## [Exercise prompt]
Could you please retype all of the entries exactly as they appear?

(Data supplied Opens)

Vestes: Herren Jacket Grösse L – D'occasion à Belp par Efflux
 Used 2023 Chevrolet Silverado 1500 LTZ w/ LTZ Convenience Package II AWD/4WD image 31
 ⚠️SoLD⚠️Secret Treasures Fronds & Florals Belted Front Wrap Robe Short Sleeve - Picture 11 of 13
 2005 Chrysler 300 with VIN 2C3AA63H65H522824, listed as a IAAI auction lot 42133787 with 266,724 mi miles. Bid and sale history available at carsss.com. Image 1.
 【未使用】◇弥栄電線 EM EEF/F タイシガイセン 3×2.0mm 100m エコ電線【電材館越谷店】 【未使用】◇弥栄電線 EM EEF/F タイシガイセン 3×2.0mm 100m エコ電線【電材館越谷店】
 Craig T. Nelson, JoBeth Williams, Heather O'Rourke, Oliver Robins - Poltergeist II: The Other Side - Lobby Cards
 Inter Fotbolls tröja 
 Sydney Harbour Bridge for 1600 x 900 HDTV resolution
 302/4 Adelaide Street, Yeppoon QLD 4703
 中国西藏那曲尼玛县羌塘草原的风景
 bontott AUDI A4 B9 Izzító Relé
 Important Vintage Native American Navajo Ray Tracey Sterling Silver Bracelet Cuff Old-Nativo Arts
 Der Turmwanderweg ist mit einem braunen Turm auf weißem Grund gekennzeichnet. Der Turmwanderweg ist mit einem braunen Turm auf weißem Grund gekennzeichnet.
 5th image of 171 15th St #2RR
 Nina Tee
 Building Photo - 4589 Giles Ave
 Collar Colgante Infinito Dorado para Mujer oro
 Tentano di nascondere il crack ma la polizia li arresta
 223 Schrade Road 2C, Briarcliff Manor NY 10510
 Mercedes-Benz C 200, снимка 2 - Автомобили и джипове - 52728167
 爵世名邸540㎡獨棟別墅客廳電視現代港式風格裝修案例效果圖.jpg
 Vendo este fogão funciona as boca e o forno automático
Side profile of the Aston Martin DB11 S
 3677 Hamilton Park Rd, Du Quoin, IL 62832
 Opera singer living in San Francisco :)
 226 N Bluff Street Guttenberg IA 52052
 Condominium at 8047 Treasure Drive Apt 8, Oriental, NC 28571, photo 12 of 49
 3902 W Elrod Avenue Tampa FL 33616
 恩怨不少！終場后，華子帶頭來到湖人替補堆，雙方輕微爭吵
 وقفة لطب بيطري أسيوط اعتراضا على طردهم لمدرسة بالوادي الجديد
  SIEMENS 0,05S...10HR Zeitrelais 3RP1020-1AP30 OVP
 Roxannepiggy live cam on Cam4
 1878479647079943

(Data supplied Closes)

## [Your solution]
Vestes: Herren Jacket Grösse L – D'occasion à Belp par Efflux
 Used 2023 Chevrolet Silverado 1500 LTZ w/ LTZ Convenience Package II AWD/4WD image 31
 ⚠️SoLD⚠️Secret Treasures Fronds & Florals Belted Front Wrap Robe Short Sleeve - Picture 11 of 13
 2005 Chrysler 300 with VIN 2C3AA63H65H522824, listed as a IAAI auction lot 42133787 with 266,724 mi miles. Bid and sale history available at carsss.com. Image 1.
 【未使用】◇弥栄電線 EM EEF/F タイシガイセン 3×2.0mm 100m エコ電線【電材館越谷店】 【未使用】◇弥栄電線 EM EEF/F タイシガイセン 3×2.0mm 100m エコ電線【電材館越谷店】
 Craig T. Nelson, JoBeth Williams, Heather O'Rourke, Oliver Robins - Poltergeist II: The Other Side - Lobby Cards
 Inter Fotbolls tröja 
 Sydney Harbour Bridge for 1600 x 900 HDTV resolution
 302/4 Adelaide Street, Yeppoon QLD 4703
 中国西藏那曲尼玛县羌塘草原的风景
 bontott AUDI A4 B9 Izzító Relé
 Important Vintage Native American Navajo Ray Tracey Sterling Silver Bracelet Cuff Old-Nativo Arts
 Der Turmwanderweg ist mit einem braunen Turm auf weißem Grund gekennzeichnet. Der Turmwanderweg ist mit einem braunen Turm auf weißem Grund gekennzeichnet.
 5th image of 171 15th St #2RR
 Nina Tee
 Building Photo - 4589 Giles Ave
 Collar Colgante Infinito Dorado para Mujer oro
 Tentano di nascondere il crack ma la polizia li arresta
 223 Schrade Road 2C, Briarcliff Manor NY 10510
 Mercedes-Benz C 200, снимка 2 - Автомобили и джипове - 52728167
 爵世名邸540㎡獨棟別墅客廳電視現代港式風格裝修案例效果圖.jpg
 Vendo este fogão funciona as boca e o forno automático
Side profile of the Aston Martin DB11 S
 3677 Hamilton Park Rd, Du Quoin, IL 62832
 Opera singer living in San Francisco :)
 226 N Bluff Street Guttenberg IA 52052
 Condominium at 8047 Treasure Drive Apt 8, Oriental, NC 28571, photo 12 of 49
 3902 W Elrod Avenue Tampa FL 33616
 恩怨不少！終場后，華子帶頭來到湖人替補堆，雙方輕微爭吵
 وقفة لطب بيطري أسيوط اعتراضا على طردهم لمدرسة بالوادي الجديد
  SIEMENS 0,05S...10HR Zeitrelais 3RP1020-1AP30 OVP
 Roxannepiggy live cam on Cam4
 1878479647079943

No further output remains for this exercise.